TASK REQUIREMENTS =>
When you reach the line with "Basket Coffee Filters" in the records below, begin transcribing exactly and continue up to and including the line with "Design gráfico lúdico", leaving out every picture.

EXERCISE INPUTS =>
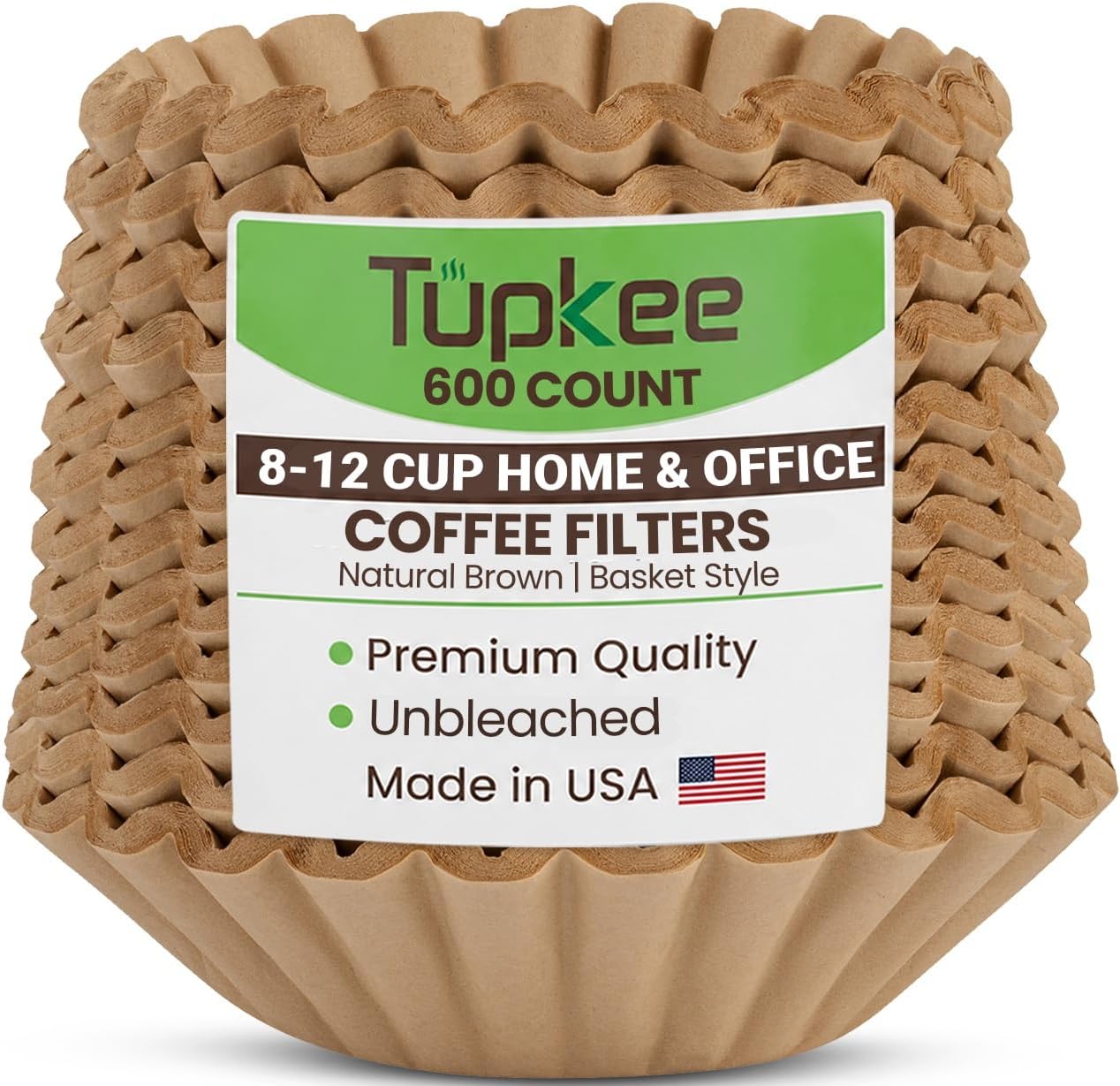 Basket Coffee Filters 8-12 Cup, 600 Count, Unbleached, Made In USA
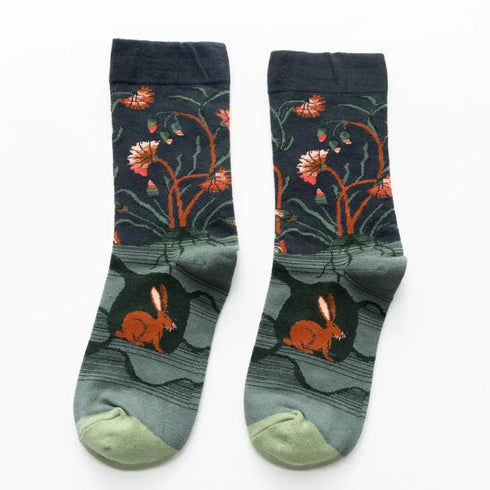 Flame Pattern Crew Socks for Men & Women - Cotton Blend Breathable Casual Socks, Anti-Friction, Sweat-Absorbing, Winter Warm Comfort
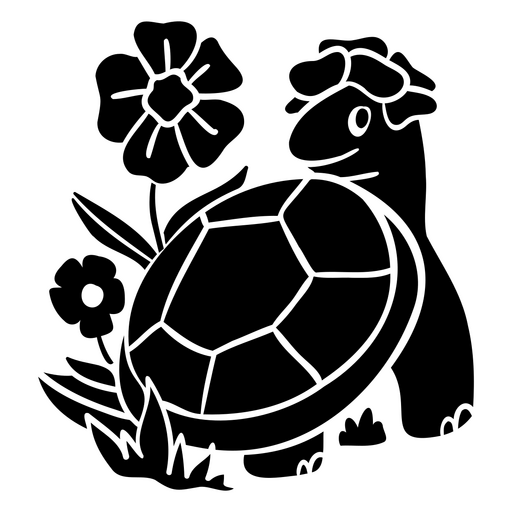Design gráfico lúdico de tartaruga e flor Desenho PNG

--

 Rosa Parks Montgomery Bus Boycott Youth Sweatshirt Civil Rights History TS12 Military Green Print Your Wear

* * *

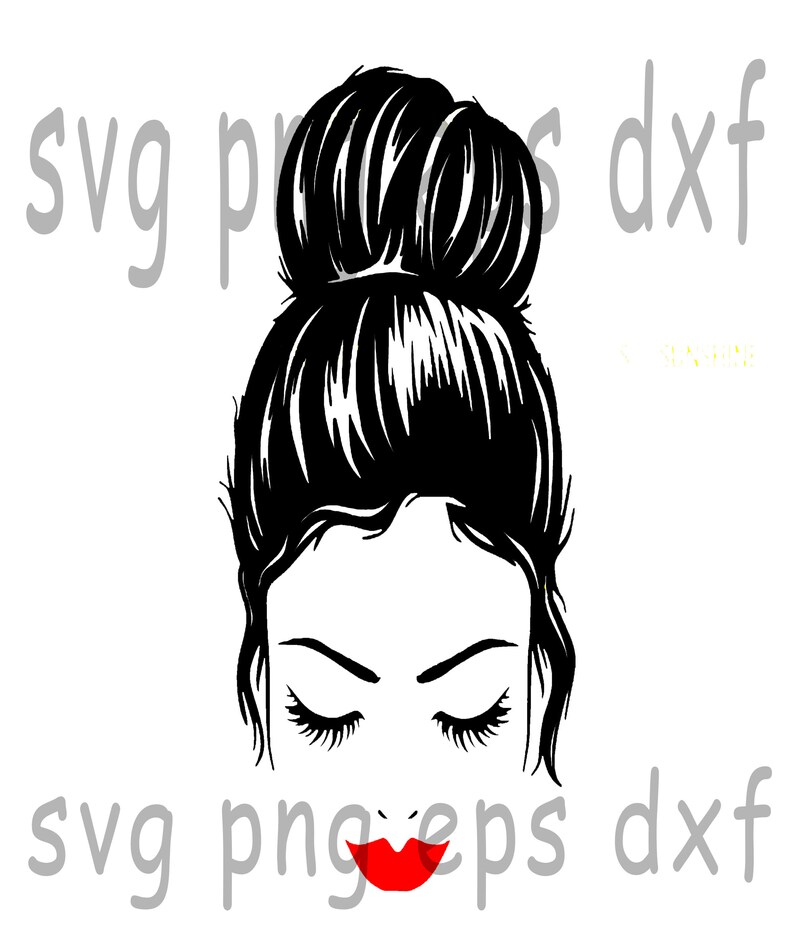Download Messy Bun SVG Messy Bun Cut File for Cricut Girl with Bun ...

EXERCISE SOLUTION =>
 Basket Coffee Filters 8-12 Cup, 600 Count, Unbleached, Made In USA
 Flame Pattern Crew Socks for Men & Women - Cotton Blend Breathable Casual Socks, Anti-Friction, Sweat-Absorbing, Winter Warm Comfort
Design gráfico lúdico de tartaruga e flor Desenho PNG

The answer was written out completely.